### Source material
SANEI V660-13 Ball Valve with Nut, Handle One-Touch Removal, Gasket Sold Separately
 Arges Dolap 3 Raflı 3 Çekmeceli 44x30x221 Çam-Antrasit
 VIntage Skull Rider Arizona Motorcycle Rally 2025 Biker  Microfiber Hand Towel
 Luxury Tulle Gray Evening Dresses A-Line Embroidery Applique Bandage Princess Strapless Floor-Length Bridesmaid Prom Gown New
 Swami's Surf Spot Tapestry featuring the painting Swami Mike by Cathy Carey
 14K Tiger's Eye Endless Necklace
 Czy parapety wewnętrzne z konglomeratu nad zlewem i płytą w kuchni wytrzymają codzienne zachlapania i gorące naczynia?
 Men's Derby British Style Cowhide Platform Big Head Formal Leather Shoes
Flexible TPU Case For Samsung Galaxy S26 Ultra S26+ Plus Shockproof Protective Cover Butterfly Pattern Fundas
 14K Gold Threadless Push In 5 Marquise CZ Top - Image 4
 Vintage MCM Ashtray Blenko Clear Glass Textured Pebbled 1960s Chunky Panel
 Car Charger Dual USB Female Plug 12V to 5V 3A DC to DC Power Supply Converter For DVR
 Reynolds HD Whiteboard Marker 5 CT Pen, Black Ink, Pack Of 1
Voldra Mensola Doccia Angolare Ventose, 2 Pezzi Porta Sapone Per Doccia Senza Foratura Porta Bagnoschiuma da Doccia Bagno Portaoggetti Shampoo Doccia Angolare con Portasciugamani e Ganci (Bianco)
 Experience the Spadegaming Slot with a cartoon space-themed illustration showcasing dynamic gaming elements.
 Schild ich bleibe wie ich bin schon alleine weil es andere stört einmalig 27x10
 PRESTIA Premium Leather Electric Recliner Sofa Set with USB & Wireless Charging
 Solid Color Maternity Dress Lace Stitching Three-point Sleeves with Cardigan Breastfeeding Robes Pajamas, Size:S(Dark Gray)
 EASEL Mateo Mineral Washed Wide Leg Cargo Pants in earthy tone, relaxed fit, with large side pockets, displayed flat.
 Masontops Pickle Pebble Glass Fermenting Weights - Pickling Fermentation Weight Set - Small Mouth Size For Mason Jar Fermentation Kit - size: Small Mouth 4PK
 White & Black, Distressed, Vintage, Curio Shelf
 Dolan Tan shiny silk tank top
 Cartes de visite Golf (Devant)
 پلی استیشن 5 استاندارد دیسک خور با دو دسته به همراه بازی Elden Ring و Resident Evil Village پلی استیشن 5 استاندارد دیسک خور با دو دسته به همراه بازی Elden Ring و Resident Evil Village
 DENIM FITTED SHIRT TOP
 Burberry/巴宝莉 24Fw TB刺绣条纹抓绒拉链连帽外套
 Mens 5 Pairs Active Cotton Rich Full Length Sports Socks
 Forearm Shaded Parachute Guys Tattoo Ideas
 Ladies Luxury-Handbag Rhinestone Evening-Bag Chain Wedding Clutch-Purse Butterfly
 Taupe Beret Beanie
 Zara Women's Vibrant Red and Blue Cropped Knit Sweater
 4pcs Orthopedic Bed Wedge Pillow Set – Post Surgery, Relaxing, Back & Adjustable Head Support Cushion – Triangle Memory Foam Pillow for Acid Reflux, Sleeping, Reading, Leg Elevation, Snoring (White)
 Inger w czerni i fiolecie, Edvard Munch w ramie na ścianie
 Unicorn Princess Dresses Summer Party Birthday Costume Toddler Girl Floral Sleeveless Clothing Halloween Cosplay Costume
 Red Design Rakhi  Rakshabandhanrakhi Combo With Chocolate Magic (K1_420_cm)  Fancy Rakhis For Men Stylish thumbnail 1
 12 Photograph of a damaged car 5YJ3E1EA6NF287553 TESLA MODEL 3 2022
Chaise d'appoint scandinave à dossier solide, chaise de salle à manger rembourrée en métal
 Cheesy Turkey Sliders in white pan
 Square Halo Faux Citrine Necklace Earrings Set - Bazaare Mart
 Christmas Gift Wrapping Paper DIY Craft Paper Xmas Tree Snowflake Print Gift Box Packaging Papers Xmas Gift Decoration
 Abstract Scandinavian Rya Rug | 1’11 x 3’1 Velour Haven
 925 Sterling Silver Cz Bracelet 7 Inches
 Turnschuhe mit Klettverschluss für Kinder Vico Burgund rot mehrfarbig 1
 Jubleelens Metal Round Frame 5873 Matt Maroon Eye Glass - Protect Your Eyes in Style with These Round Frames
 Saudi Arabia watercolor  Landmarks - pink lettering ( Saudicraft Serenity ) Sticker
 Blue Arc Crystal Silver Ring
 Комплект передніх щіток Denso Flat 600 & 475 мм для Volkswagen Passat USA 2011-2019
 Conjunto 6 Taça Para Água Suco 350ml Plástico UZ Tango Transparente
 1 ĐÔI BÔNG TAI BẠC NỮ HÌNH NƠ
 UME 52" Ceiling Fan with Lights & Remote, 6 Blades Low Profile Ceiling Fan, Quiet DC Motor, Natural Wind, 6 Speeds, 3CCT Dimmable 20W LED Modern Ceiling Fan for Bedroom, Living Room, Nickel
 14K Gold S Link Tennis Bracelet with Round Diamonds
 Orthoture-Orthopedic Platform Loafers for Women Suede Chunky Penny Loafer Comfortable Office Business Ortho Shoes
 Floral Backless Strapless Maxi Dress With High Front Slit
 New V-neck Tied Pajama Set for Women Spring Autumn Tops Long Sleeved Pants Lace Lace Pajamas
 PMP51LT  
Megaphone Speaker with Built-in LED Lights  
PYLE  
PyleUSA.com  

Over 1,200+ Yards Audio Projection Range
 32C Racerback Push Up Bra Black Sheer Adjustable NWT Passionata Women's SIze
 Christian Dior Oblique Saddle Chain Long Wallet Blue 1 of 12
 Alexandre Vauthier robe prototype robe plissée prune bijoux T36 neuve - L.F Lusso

### Exercise prompt
Reproduce only this range: the first line of the data above through the line with "14K Tiger's Eye Endless Necklace", both included, exactly as written.

### Final answer
SANEI V660-13 Ball Valve with Nut, Handle One-Touch Removal, Gasket Sold Separately
 Arges Dolap 3 Raflı 3 Çekmeceli 44x30x221 Çam-Antrasit
 VIntage Skull Rider Arizona Motorcycle Rally 2025 Biker  Microfiber Hand Towel
 Luxury Tulle Gray Evening Dresses A-Line Embroidery Applique Bandage Princess Strapless Floor-Length Bridesmaid Prom Gown New
 Swami's Surf Spot Tapestry featuring the painting Swami Mike by Cathy Carey
 14K Tiger's Eye Endless Necklace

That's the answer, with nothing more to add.